One reason that a novel like Jazz is difficult to read is that it is not narrated by the “wise-weary” woman that most readers assume it is, as explained in a past post from October 24, 2013, which quotes Morrison:
Who Wrote Toni Morrison’s Jazz?
In a previous post, I quoted Toni Morrison as saying that her characters are autonomous, but she keeps them under control, since, ultimately, it is her novel, not theirs. In terms of multiple personality, the narrator is Toni Morrison, and the characters are her autonomous, alternate personalities.
However, according to Toni Morrison, she was not the narrator of her novel, Jazz. In other words, both the characters and the narrator were autonomous, alternate personalities. To quote Toni Morrison:
“So, when I was thinking of who was going to tell this story…I was looking for a voice…

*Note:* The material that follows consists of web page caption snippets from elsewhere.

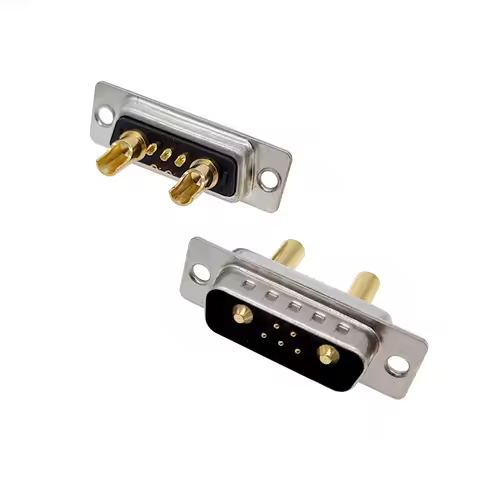 1PCS 7W2 20A 30A 40A Gold plated high current Connector D-SUB adapter 5+2 plug jack Machined Pin Ful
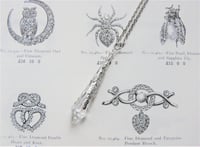 Image 4 of Roaring 20s Flapper Pendant on 18" Chain, Clear & Antique Silver
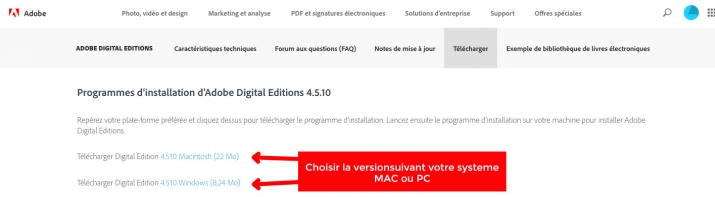 Installer Adobe Digital Editions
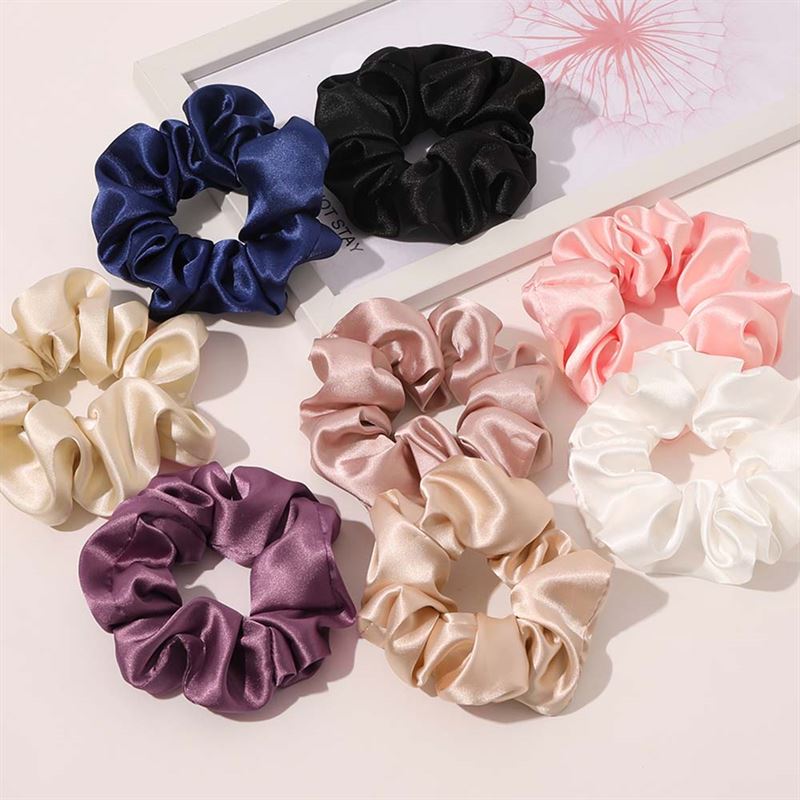 SOHO Satin Scrunchie - White - Hair Accessories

“So, then the voice realizes, after hearing other voices, that the narrative is not going to be at all what it predicted. The more it learns about the characters (and they are not what the voice thought), it has to go on…I’ve done this in other places but not as radically as here. The thing is, I could not think of the voice as a person; I know everybody refers to “I” as a woman (because I’m a woman, I guess), but for me, it was very important that the “I”…never sits down, it never walks, because it’s a book. The voice is the voice of a talking book…It’s a book talking, but few people read it like that…
“…so no one’s in control.”
So, who wrote Jazz? According to Toni Morrison, it was, subjectively, psychologically, not Toni Morrison. It was, call it what you will—a voice, a book, an alternate personality—a psychological entity other than the one who goes by the name of Toni Morrison.
I am writing this blog, because when writers say things like that, most people don’t hear and respect what they say. But I do. And I hope you will, too.
1. “Nobel Laureate Toni Morrison Speaks about Her Novel Jazz,” an interview by Angels Carabi, 1993. Reprinted in Toni Morrison: Conversations, edited by Carolyn C. Denard, University Press of Mississippi, 2008, pp. 91-97.
October 23, 2013
Pervasive Split Personalities
quotes are from Dangerous Freedom: Fusion and Fragmentation in Toni Morrison’s Novels. Philip Page. Jackson, University Press of Mississippi, 1995.
“The trauma of racism is...the severe fragmentation of the self” (Morrison, “Unspeakable”) (p. 26).
“With her exploration of splitness, Morrison renders the dividedness of the American and African-American cultures: objects are split, bodies are split, psyches are split, families are split, neighborhoods are split, a race is split, a nation is split” (p. 31).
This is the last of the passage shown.